- **PROBLEM REQUIREMENTS**:
Where the records below begin, start copying, and stop after the line that contains "Moving on to"; reproduce every line exactly but omit pictures.

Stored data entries
----

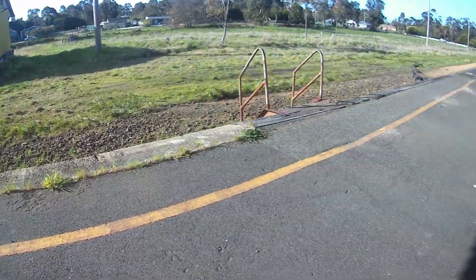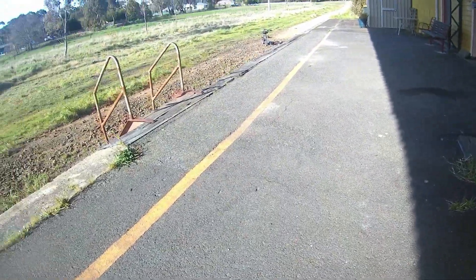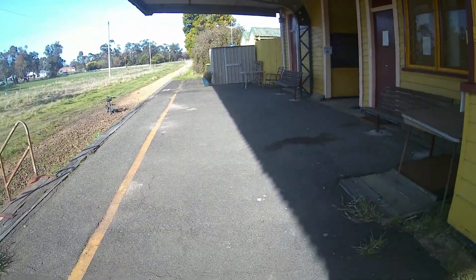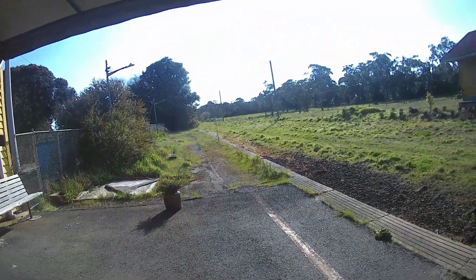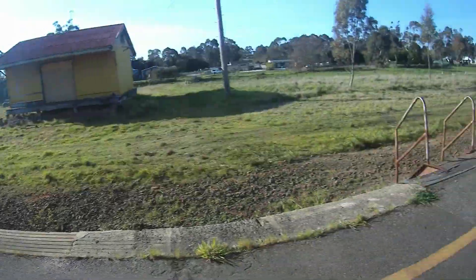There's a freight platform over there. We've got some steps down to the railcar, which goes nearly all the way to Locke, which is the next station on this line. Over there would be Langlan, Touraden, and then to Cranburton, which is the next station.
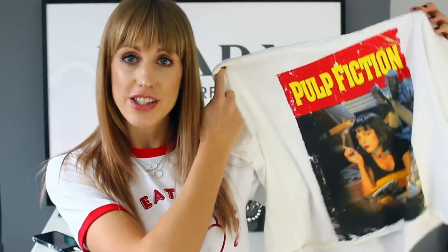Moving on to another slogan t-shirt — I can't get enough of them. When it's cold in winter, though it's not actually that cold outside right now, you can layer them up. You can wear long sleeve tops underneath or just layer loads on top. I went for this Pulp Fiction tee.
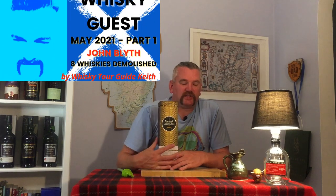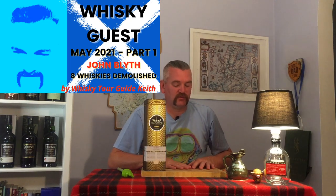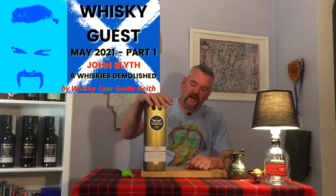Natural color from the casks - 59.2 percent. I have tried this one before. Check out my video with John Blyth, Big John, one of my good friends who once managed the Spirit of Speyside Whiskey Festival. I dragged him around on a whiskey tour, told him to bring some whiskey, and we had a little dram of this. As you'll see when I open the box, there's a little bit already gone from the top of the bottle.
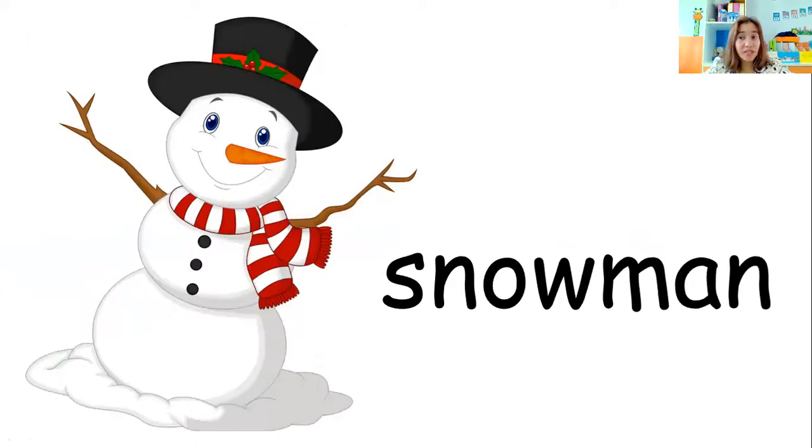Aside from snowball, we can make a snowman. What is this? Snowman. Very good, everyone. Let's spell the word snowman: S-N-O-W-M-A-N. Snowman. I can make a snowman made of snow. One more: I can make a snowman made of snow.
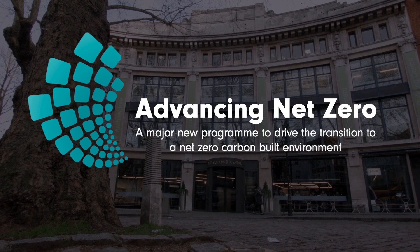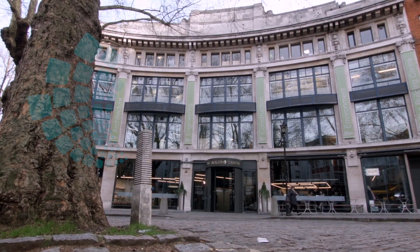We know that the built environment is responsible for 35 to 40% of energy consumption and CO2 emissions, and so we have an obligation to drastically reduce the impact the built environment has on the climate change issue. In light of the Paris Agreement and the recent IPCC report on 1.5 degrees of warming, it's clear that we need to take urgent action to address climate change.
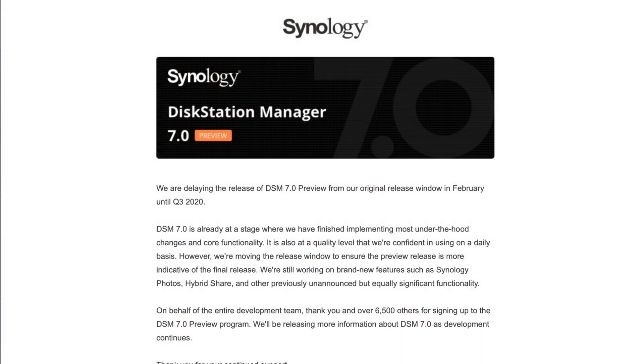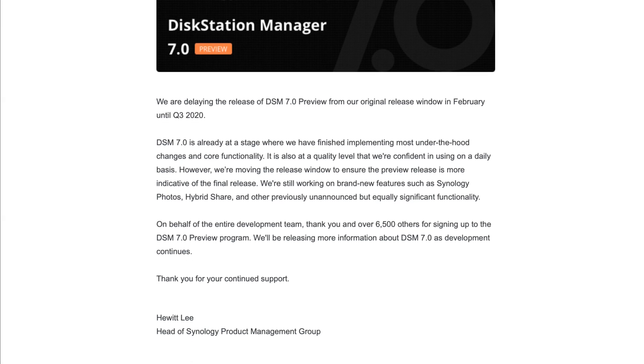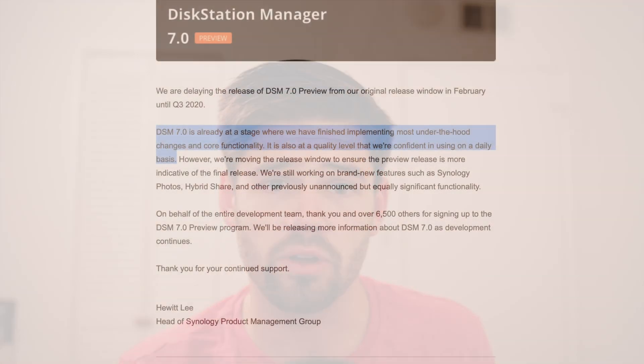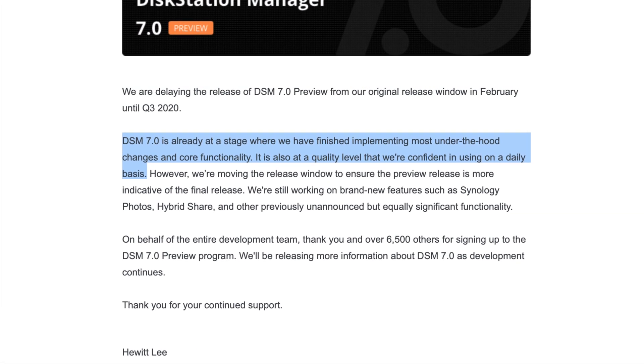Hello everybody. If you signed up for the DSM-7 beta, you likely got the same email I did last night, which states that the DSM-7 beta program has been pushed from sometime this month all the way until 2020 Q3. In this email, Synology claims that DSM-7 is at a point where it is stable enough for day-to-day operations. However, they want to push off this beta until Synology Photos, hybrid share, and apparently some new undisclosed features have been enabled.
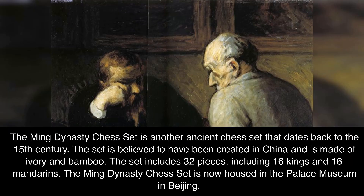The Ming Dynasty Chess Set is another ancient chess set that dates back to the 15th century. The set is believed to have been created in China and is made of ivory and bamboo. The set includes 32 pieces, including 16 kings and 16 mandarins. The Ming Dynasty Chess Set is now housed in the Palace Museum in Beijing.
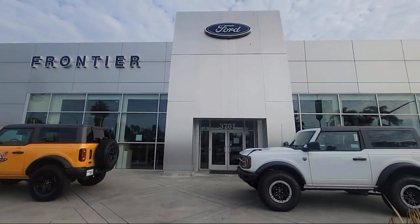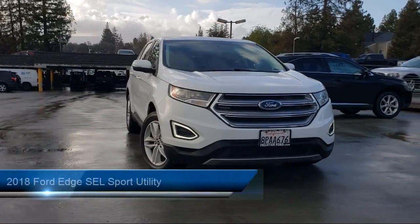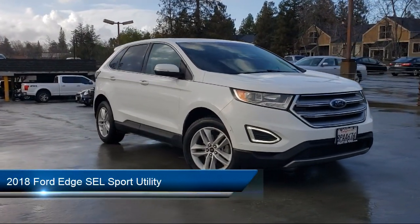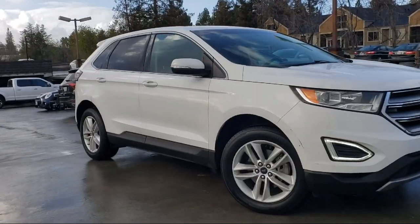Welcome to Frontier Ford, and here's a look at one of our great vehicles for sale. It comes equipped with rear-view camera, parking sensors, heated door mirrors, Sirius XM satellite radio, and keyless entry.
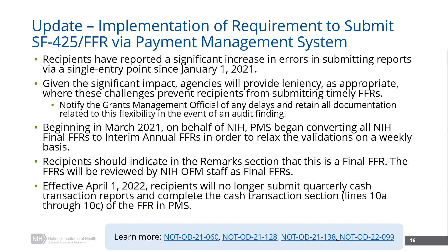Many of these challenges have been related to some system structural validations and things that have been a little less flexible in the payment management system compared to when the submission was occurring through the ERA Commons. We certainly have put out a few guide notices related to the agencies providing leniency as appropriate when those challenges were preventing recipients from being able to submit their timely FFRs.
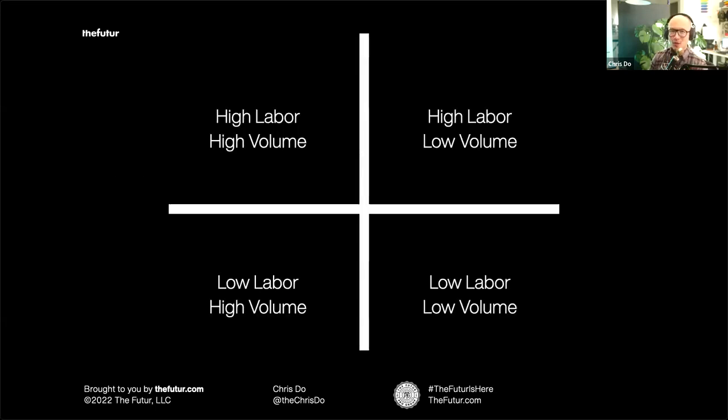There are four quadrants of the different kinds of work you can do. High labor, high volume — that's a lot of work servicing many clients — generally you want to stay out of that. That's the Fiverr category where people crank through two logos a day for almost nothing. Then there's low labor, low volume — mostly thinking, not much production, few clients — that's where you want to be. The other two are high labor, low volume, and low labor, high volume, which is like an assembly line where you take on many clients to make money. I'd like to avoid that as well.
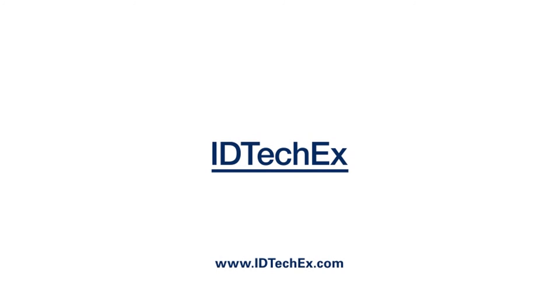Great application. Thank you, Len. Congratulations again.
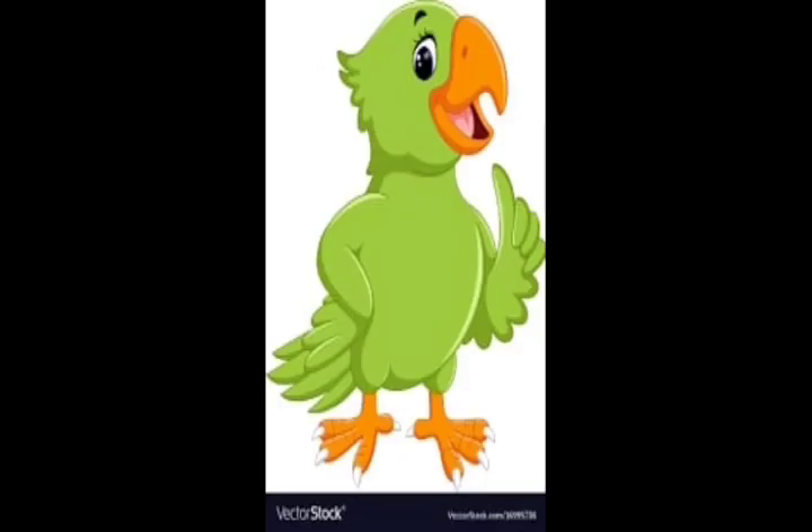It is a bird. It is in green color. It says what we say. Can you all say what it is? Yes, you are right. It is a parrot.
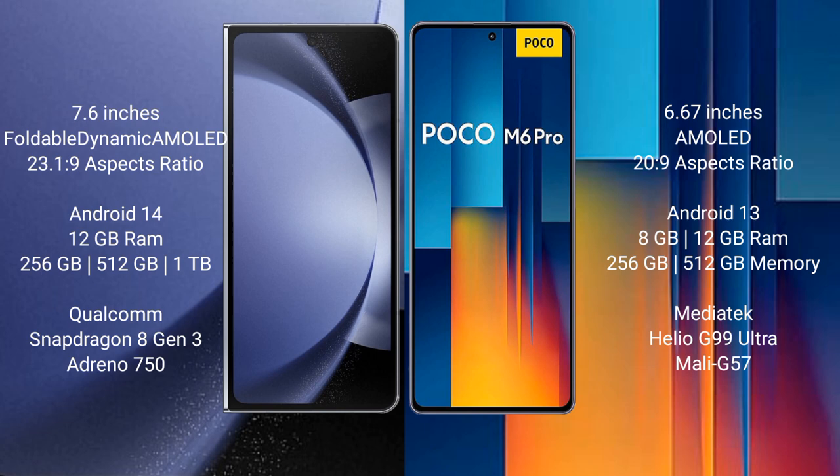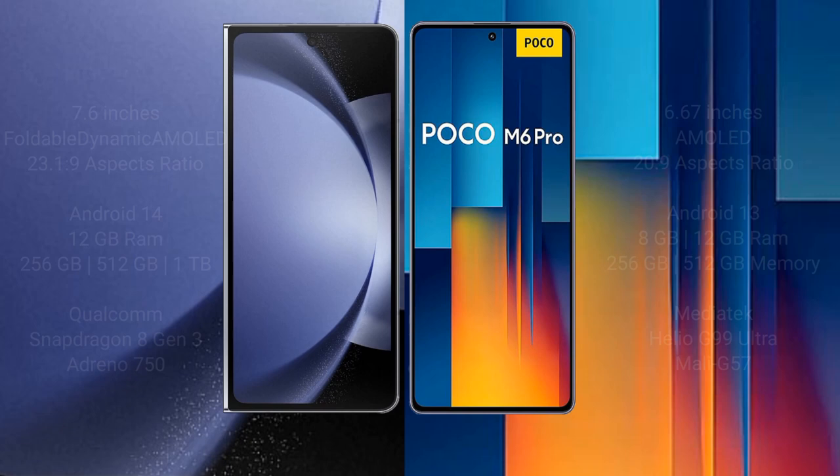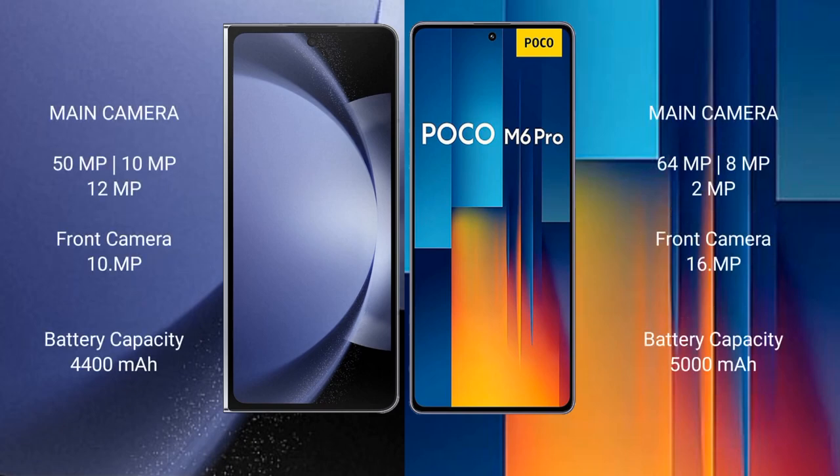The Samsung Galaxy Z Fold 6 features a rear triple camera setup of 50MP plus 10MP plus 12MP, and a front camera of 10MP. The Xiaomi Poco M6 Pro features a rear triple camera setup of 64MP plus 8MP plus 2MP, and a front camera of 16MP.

----

- **RESPONSE AREA**:
There's a freight platform over there. We've got some steps down to the railcar, which goes nearly all the way to Locke, which is the next station on this line. Over there would be Langlan, Touraden, and then to Cranburton, which is the next station.
Moving on to another slogan t-shirt — I can't get enough of them. When it's cold in winter, though it's not actually that cold outside right now, you can layer them up. You can wear long sleeve tops underneath or just layer loads on top. I went for this Pulp Fiction tee.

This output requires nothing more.